Em 8 de agosto de 1928, o escritor Mário de Andrade, em visita ao Recife, foi com os amigos conhecer um peixe-boi que vivia em um tanque no Parque Amorim. Usar sirênios da família dos triquequídeos como atração turística continuou sendo uma aposta da capital pernambucana ao longo do século 20. E esta relação forçada entre recifenses e mascote ganhou um símbolo que, aos 52 anos de idade, neste último domingo saiu da vida aquática para entrar de vez na história. Xica – antes era Chico, por incapacidade de identificação de seu sexo quando filhote – viveu por 22 anos na Praça do Derby. Uma história que se confunde com os maus-tratos sofridos pela cidade.

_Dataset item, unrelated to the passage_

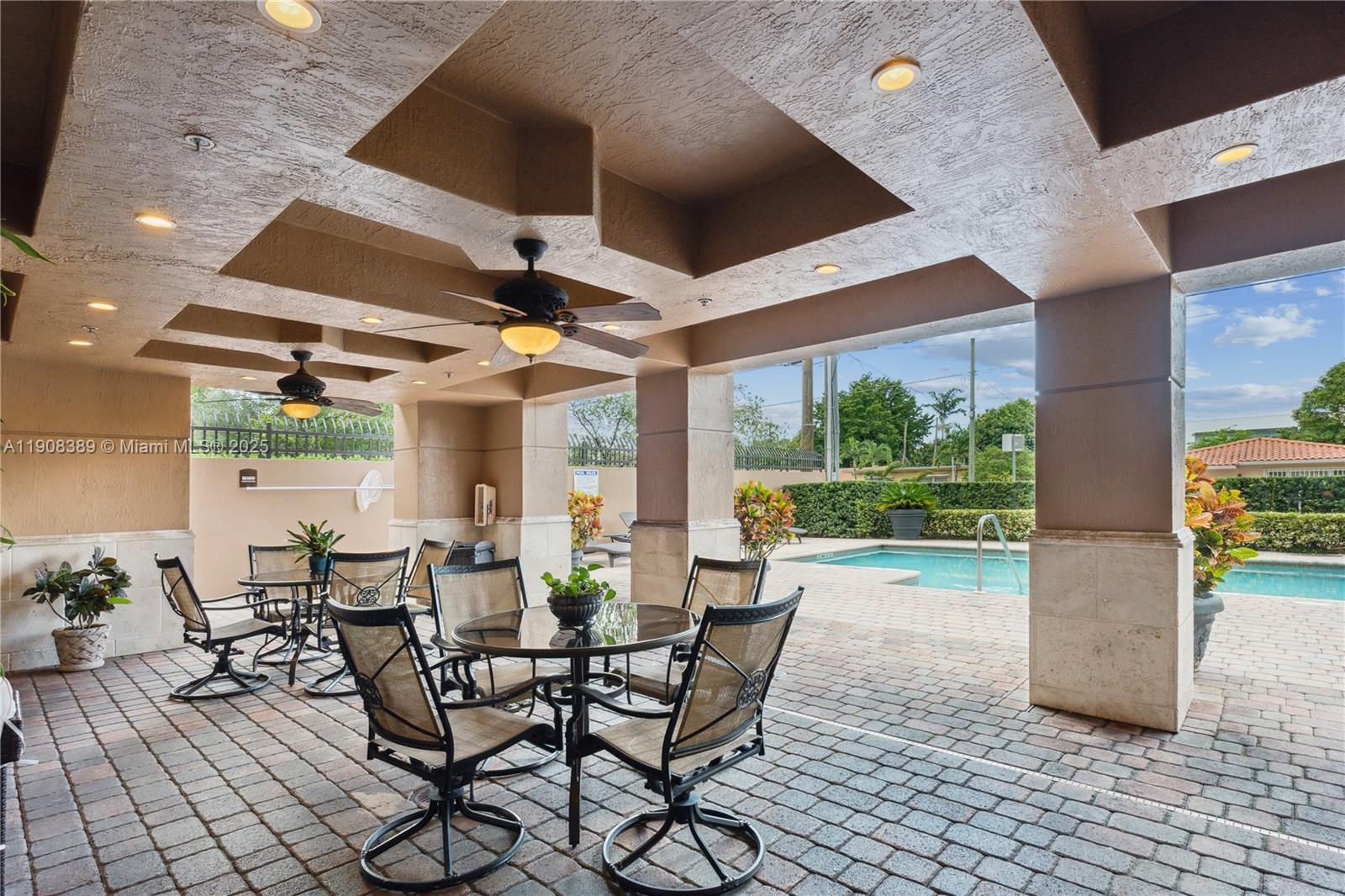 KEYSTONE VILLAS CONDO - Residential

Entre 1970 e 1992, quando finalmente foi transferida para Itamaracá, com a inauguração do Centro de Mamíferos Aquáticos, Xica era visitada por dezenas de pessoas, principalmente crianças. Pena que sua residência não era das melhores. Por conta das dimensões reduzidas do seu tanque, acabou ficando “corcunda” e com queimaduras. No seu novo e espaçoso lar, acabou mantendo a vida solitária, não fazendo contato com os outros das espécie. Mesmo assim, engravidou duas vezes. O segundo filhote, com má formação, ainda resistiu por três anos.
Xica também era filhote quando foi capturada, em 1963, em um curral de pesca em uma praia do município de Goiana. Ficou por sete anos em um tanque de um fazendeiro, até surgir o interesse da Prefeitura do Recife. Já em 1970, o ainda Chico sofreu com as enchentes registradas no mês de agosto, quando o tanque do Derby foi tomado pelas águas da chuva. Em 1975, o mesmo drama se repetiu. Após um dos maiores dilúvios da história, entre 17 e 18 de junho, as autoridades se esqueceram do peixe-boi. Pois não é que o animal permaneceu no seu lugarzinho, alimentando-se do capim que vinha boiando pela correnteza?
Os maus-tratos, mesmo que de forma involuntária, transformaram Xica em um símbolo pelos direitos dos animais. A Associação Pernambucana de Defesa da Natureza (Aspan), com o apoio do Projeto Peixe-Boi/Ibama-FMA, iniciou em 1991 uma campanha para a transferência de Xica. Um ano depois, coincidentemente o da realização da Rio-92 – a Conferência das Nações Unidas sobre o Meio Ambiente e o Desenvolvimento – a mascote do Recife foi viver o resto dos seus dias em Itamaracá. Levantar o animal de quase 400 quilos e três metros de comprimento exigiu uma verdadeira operação de guerra.
Xica morreu aos 52 anos de idade, mais do que a média da sua espécie. Ficou na memória de gerações de recifenses.